Dani Kyengo O’Neill (b. Johannesburg) is a Kenyan-South African filmmaker, composer, and artist working through sonic and film-based archiving,storytelling and world-building. Their practice brings together the lens, choreography and sonic composition, with performance and dialogues of grief, land and body, somatic memory, tension, tempo and time. Their work is concerned with sound, soma and storytelling as departure points for their craft.

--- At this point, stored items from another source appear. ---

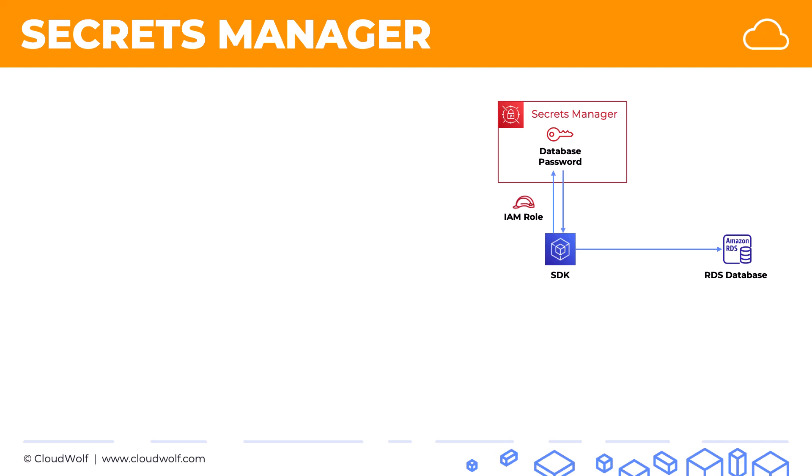And as long as you provide appropriate IAM permissions, for example, via an IAM role, your SDK will be able to access that password and access the database.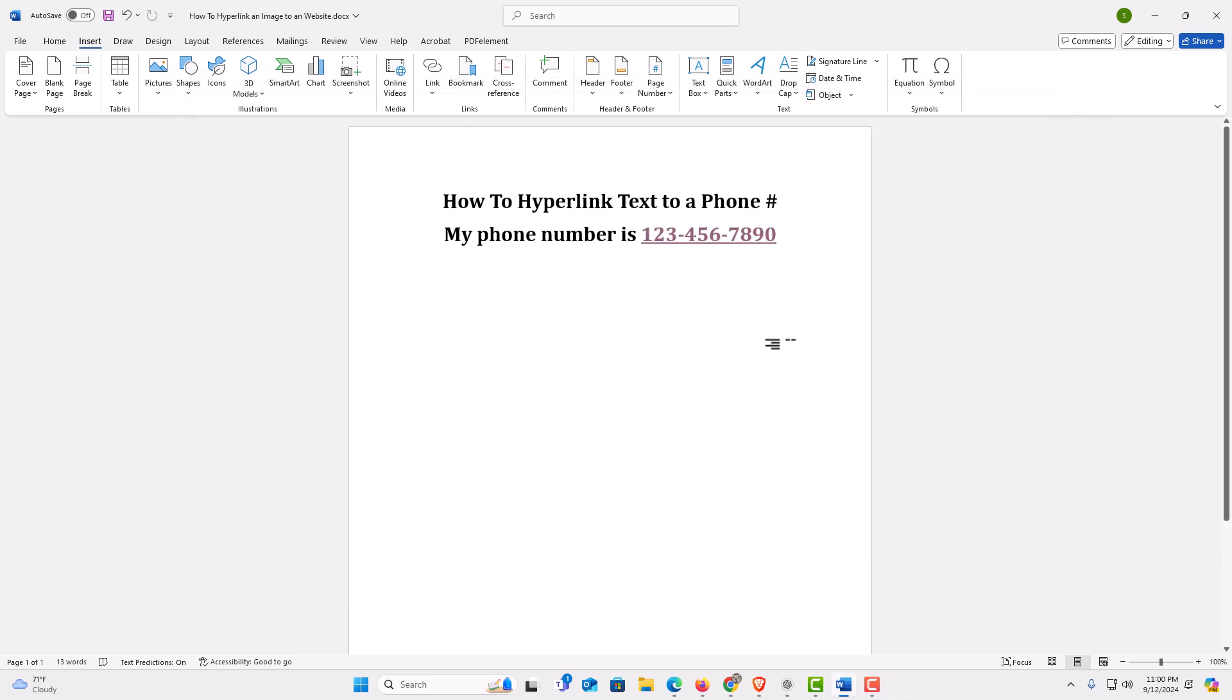That is how to hyperlink text to a phone number in Microsoft Word. Thanks for watching.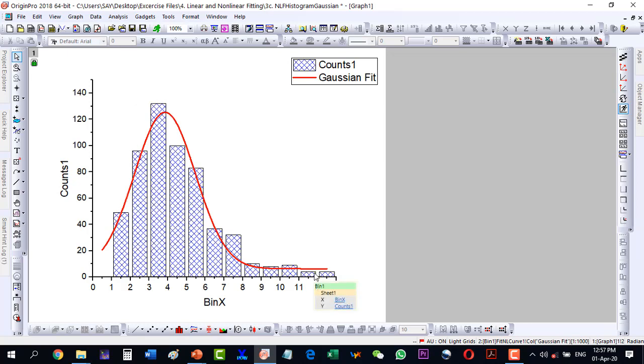If our values will be like this one, then it is an exponentially decaying function. But normally for nanoparticles, we want to see their size distribution and their size distribution can be fitted very well with a Gaussian fit. Thank you for watching.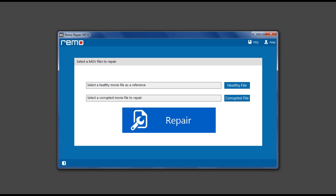Hi there, let me show you how to repair corrupted MOV or MP4 files using Remo Repair MOV software.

They intentionally work with sound, film and colour theory, magical realism, absurdism, archive, dance and aural imagery to explore and present intersections of blackness, pleasure, shame, memory, dysphoria, displacement, migration, the ocean, hauntology, and spatial politics related to landlessness & labour, and its effects on the body.
Their recent films have been part of Encontro de Cinema film festival in Rio de Janeiro, Brazil, as well as ‘Xam, Xamlé’ in The Educational Web group exhibition at the Kunstverein in Hamburg (2023). Their audio-visual collaboration with Mpho Matsipa (Harvard/WITS), Olalekan Jeyifous and Wale Lawal, “Liquid Geographies, Liquid Borders (Petrotopia)”, premiered at the Venice Biennale and they delivered a talk on ‘The Sonic As Landscape’ as part of the The Gray Centre for Arts & Inquiry’s FARBAR program at the University of Chicago. Their composition works have been curated by Deborah Joyce Holman for “PICO: Un parlante de Africa en America” at Auto Italia Live Galleries UK. In 2022, they were selected as a fellow for RAW Académie’s 9th edition directed by Linda Good Bryant feat. Arthur Jafa, GUDSKUL, Sarah Workneh, Bonaventure Soh Bejeng Ndikung, and showcased their film and composition work at the Institute of Contemporary Art in Philadelphia as part of the artist’s programme. Furthermore, their work has been curated by Christine Eyene at Southbank Centre, London, and commissioned by Luvuyo Nyawose for his most recent body of work titled eBhish. They’ve been one of 10 film composers selected for the Film Archive and Music Lab, by the British Council and BFI (2022). They’ve had the pleasure of being mentored by composer and cellist Okkyung Lee (2019), and Argentinian composer and conductor Laura Andel, facilitated by artist Sharlene Khan (2018).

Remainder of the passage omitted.